--- EXERCISE OBJECTIVE ---
Pictures are to be left out; every line from the one with "Here's the Brady." through the end of the data must be transcribed exactly.

--- SOURCE DATA ---
#####

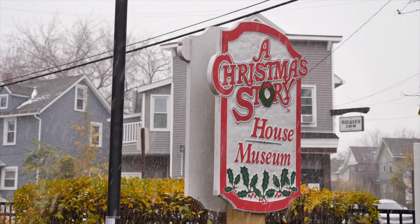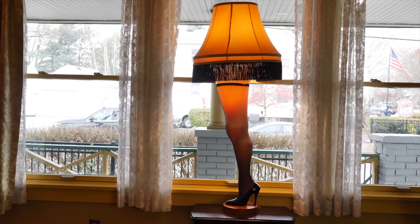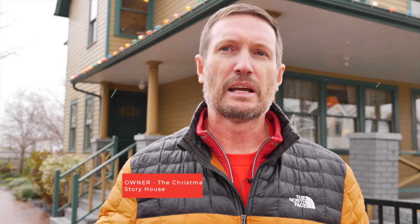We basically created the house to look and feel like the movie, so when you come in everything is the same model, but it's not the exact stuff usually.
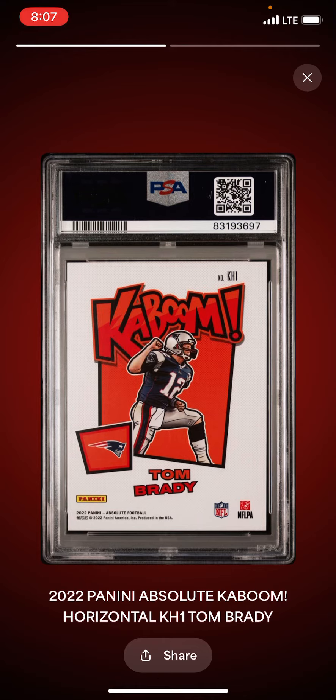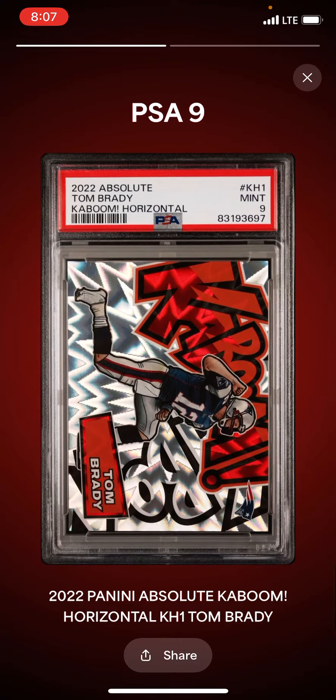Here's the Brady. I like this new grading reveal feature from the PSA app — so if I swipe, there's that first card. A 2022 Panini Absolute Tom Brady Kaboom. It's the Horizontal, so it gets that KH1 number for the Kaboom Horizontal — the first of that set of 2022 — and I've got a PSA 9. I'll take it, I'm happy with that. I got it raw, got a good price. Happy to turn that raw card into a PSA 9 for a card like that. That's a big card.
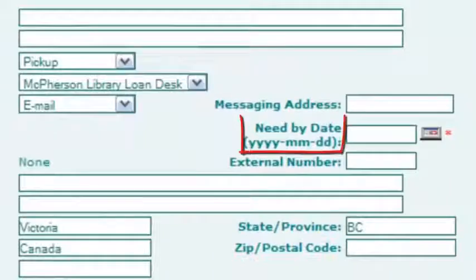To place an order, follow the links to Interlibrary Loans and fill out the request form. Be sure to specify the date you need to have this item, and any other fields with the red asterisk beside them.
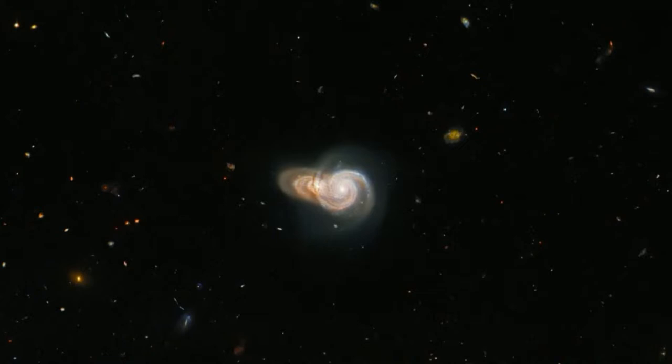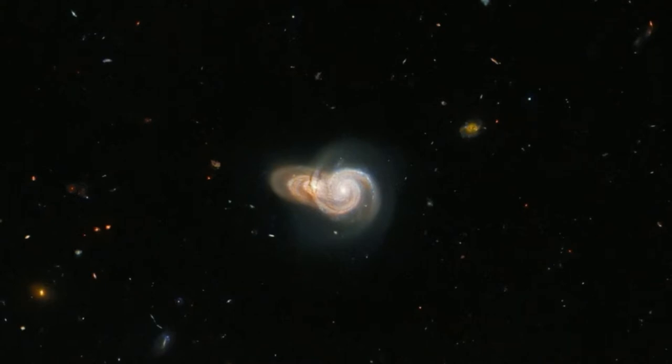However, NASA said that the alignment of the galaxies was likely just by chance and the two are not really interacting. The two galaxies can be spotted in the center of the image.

#####

--- RESULT OF THIS EXERCISE ---
Here's the Brady. I like this new grading reveal feature from the PSA app — so if I swipe, there's that first card. A 2022 Panini Absolute Tom Brady Kaboom. It's the Horizontal, so it gets that KH1 number for the Kaboom Horizontal — the first of that set of 2022 — and I've got a PSA 9. I'll take it, I'm happy with that. I got it raw, got a good price. Happy to turn that raw card into a PSA 9 for a card like that. That's a big card.
To place an order, follow the links to Interlibrary Loans and fill out the request form. Be sure to specify the date you need to have this item, and any other fields with the red asterisk beside them.
However, NASA said that the alignment of the galaxies was likely just by chance and the two are not really interacting. The two galaxies can be spotted in the center of the image.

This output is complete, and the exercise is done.